*** EXERCISE DATA
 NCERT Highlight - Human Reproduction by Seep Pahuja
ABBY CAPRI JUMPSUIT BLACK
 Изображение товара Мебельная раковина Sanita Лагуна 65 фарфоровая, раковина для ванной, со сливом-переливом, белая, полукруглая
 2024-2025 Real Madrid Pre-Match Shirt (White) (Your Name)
******
*** EXERCISE DATA
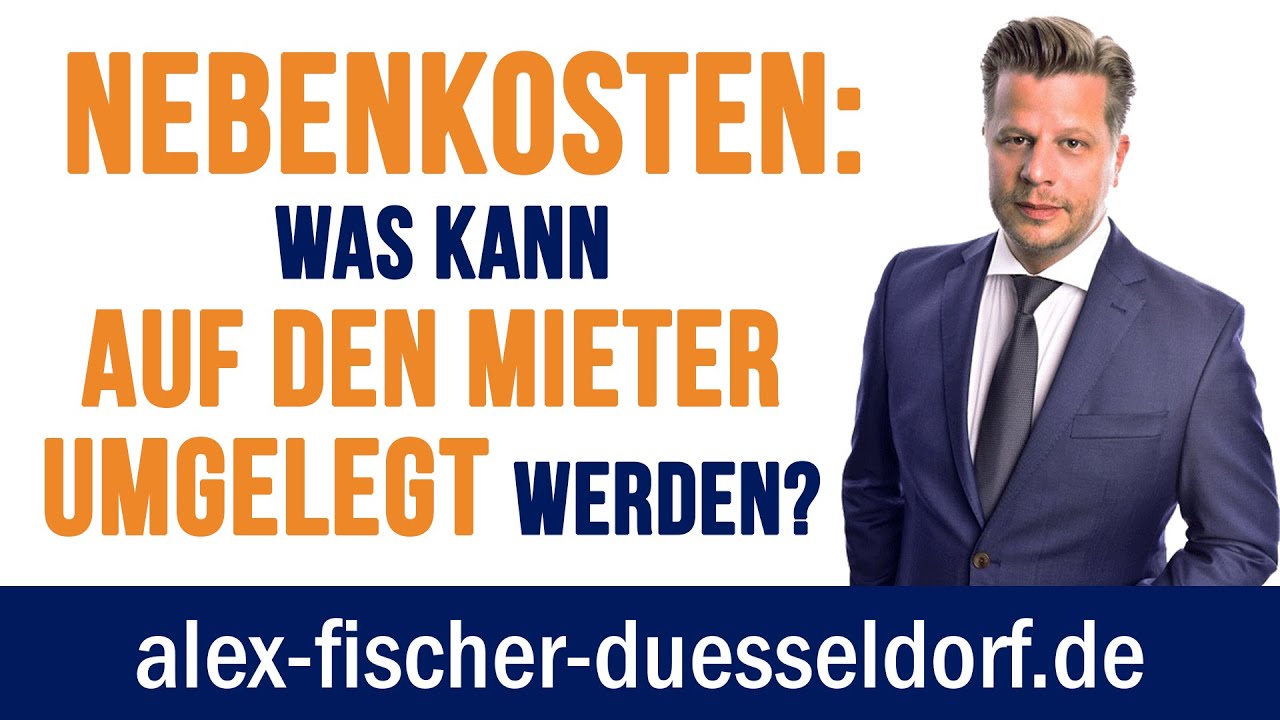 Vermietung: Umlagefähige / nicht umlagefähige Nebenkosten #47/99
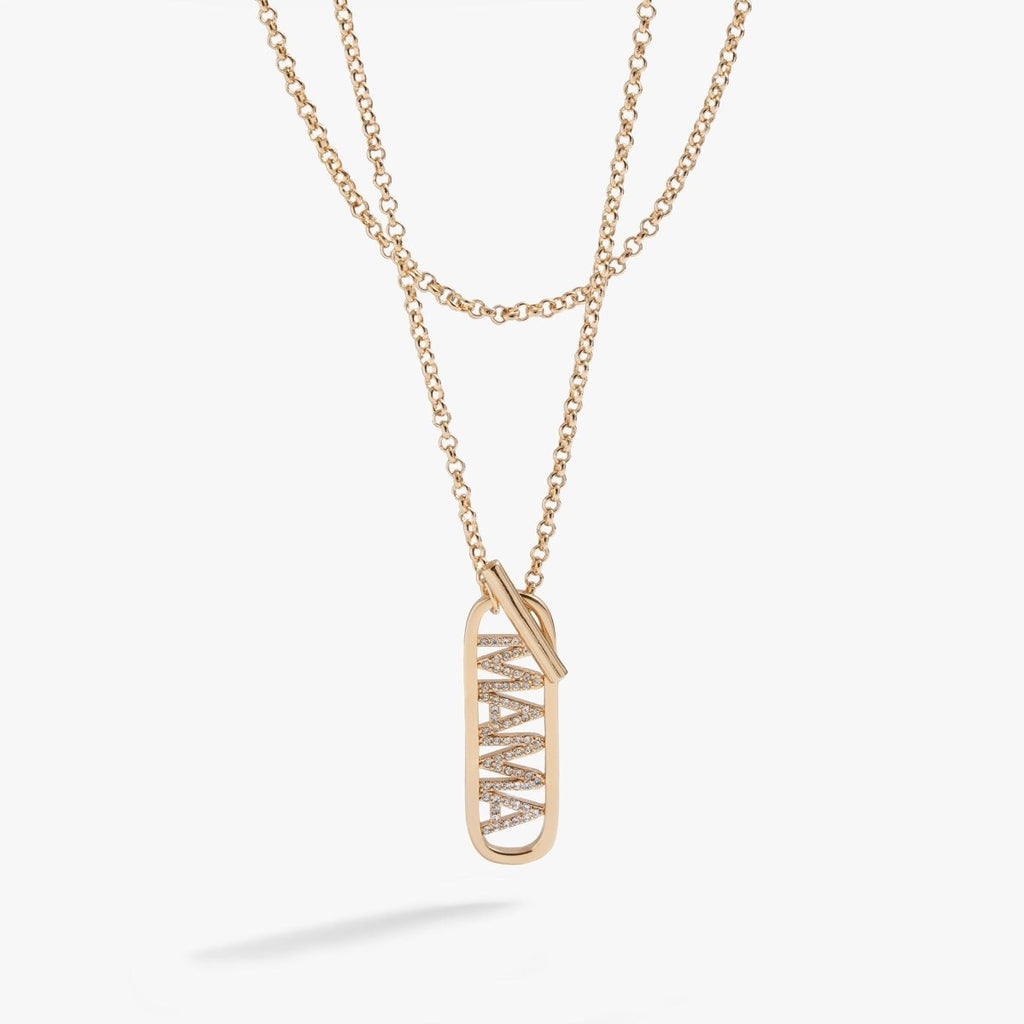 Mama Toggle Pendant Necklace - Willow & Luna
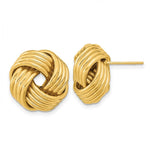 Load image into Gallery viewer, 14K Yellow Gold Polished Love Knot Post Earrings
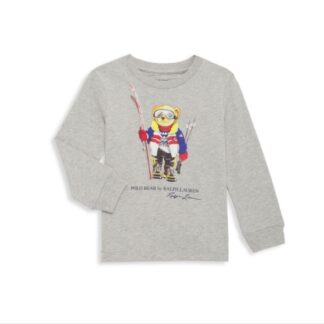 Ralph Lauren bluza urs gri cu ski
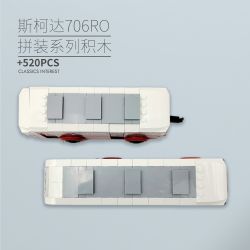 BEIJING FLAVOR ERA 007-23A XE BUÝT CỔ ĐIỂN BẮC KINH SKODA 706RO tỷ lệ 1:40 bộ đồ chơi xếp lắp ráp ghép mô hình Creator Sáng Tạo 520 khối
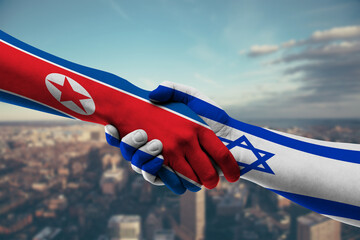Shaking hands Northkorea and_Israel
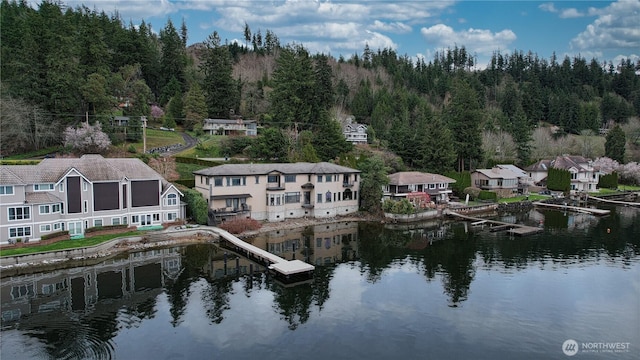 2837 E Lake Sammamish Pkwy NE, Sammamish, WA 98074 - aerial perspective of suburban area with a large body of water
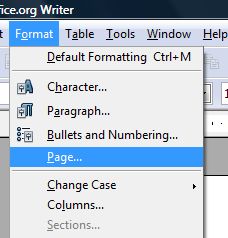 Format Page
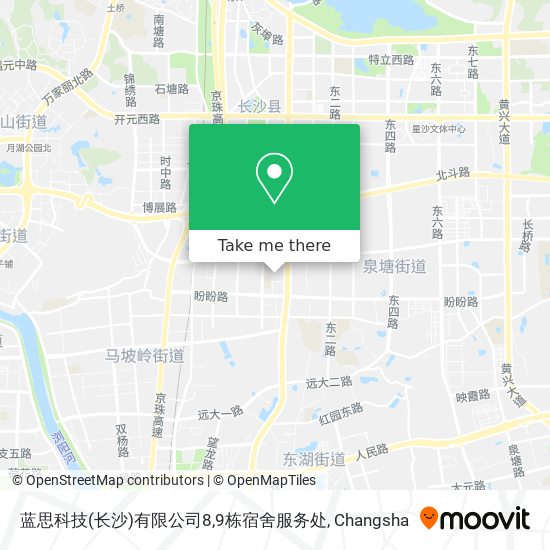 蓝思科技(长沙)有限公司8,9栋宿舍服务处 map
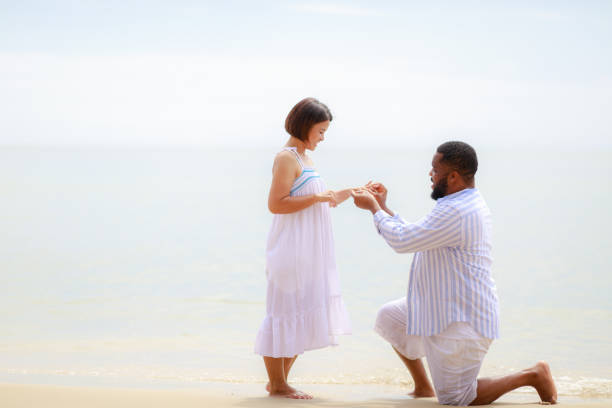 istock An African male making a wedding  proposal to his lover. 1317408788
******
*** EXERCISE DATA
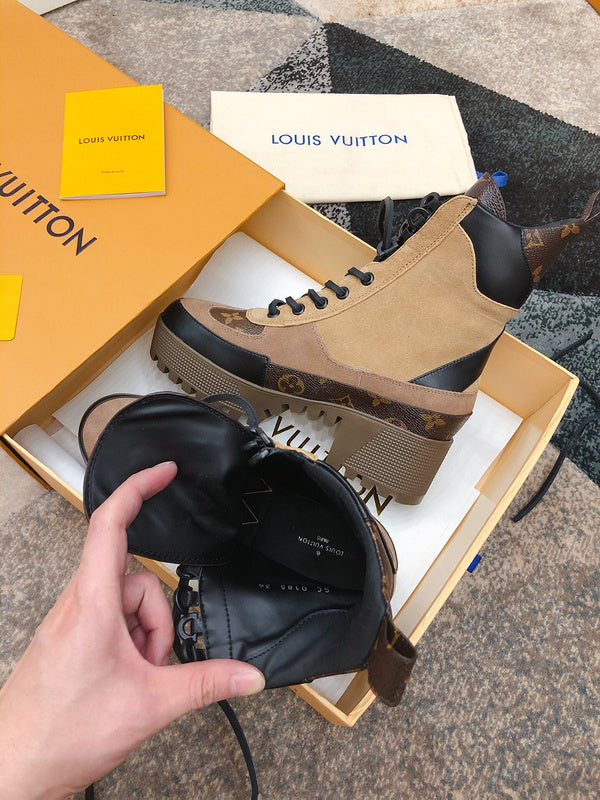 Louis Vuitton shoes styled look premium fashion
******
Look above for the line with "BEIJING FLAVOR ERA" and the line with "Shaking hands Northkorea and_Israel", then copy exactly the lines from the first through the second, both kept, with no pictures.

 BEIJING FLAVOR ERA 007-23A XE BUÝT CỔ ĐIỂN BẮC KINH SKODA 706RO tỷ lệ 1:40 bộ đồ chơi xếp lắp ráp ghép mô hình Creator Sáng Tạo 520 khối
Shaking hands Northkorea and_Israel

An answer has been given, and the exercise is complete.